U.S Dollar - Safe Haven No More?


For years, whenever significant political or financial turmoil reared its head anywhere on the globe, investors would turn to the U.S. dollar as a safe haven.

Yet as the chaos in North Africa has grown over the past month, investors have largely shunned the dollar and sought shelter elsewhere. They have turned to other traditional islands of stability, buying Japanese yen and the Swiss franc.

What has especially raised eyebrows has been the move by investors to buy euros, a currency traditionally seen as a riskier prospect than the dollar, especially with the euro zone's debt problems still largely unresolved.

This has sparked a debate over whether the dollar has lost its safe-haven status.

"Over the last 20 years, people have always moved into the dollar on any sort of uncertainty in the global economic space, but what we've seen over the past two weeks is actually a terrific move out of the dollar," says Douglas Borthwick, a managing director at Faros Trading in Stamford, CT... 


So for now, the argument goes, there are better safe havens available to investors than the U.S. currency.

Even on individual days when events have sent a scare through the financial markets, the dollar hasn't benefited.


On January 25, when the protests in Egypt first flared up, the euro advanced more than two cents to almost $1.39.

This contrasts with other episodes of flight-to-safety currency buying in the past. During the 2008 global financial crisis, the dollar rose by roughly +24%.

Analysts at BCA Research also point out that some investors also are looking to gold as a more appealing safe-haven investment. "We would agree with this assessment," the analysts wrote.

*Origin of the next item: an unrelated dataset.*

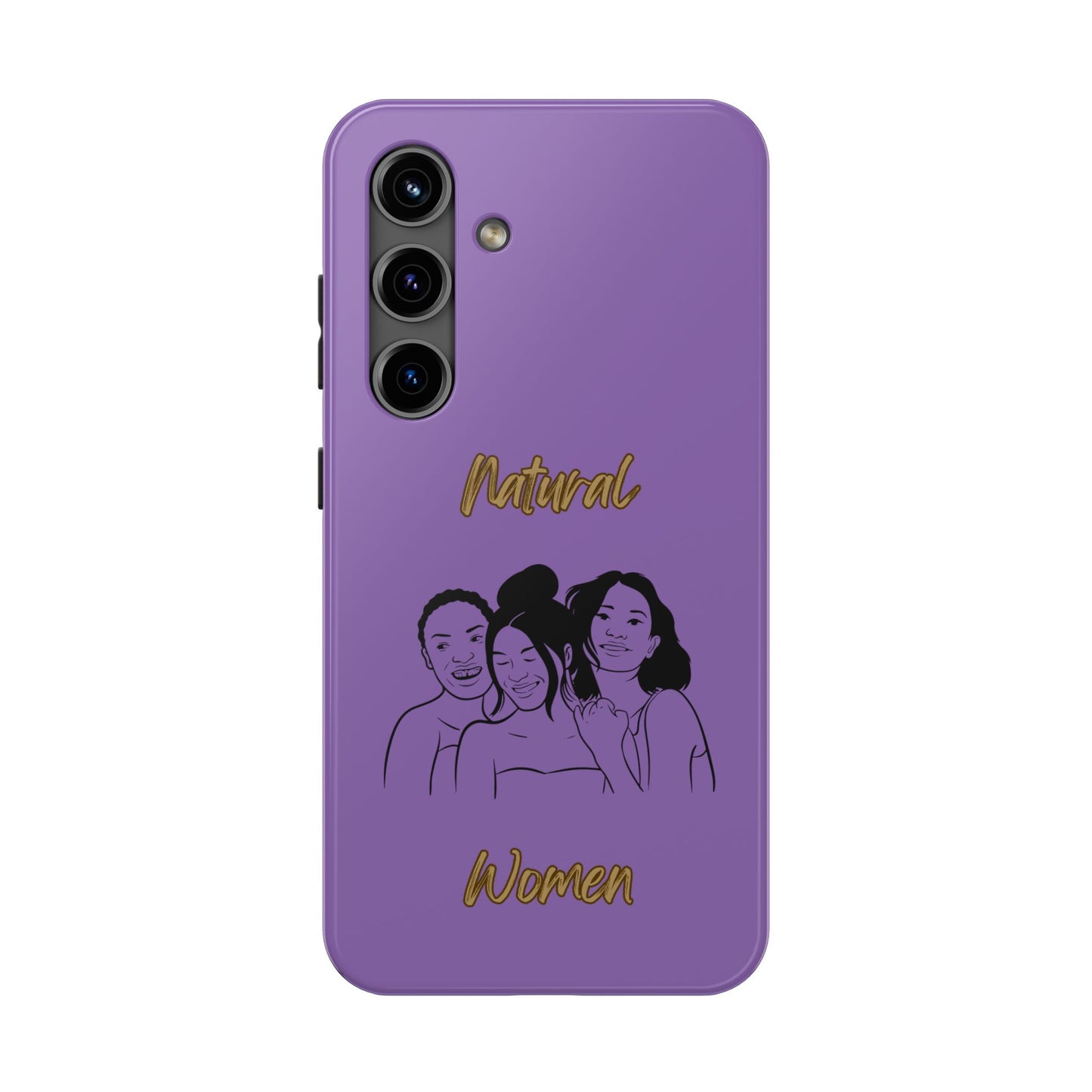 Natural Women Laughing Friends (BL)Tough Phone Cases LIGHT PURPLE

Gold rose +5.7% in February, its biggest monthly gain since April 2010. With investors increasingly wary of the ability of the U.S. to solve its fiscal problems and the Fed perceived to be "printing dollars" as part of its quantitative-easing strategy to support the economy, there's less confidence that the U.S. dollar is "safe" in the sense, Mr. Borthwick says.

"It's the knee-jerk reaction that matters,"
he said. "Nowadays the knee-jerk reaction is buy euros and not to buy dollars. The mindset of buying euros is a complete switch."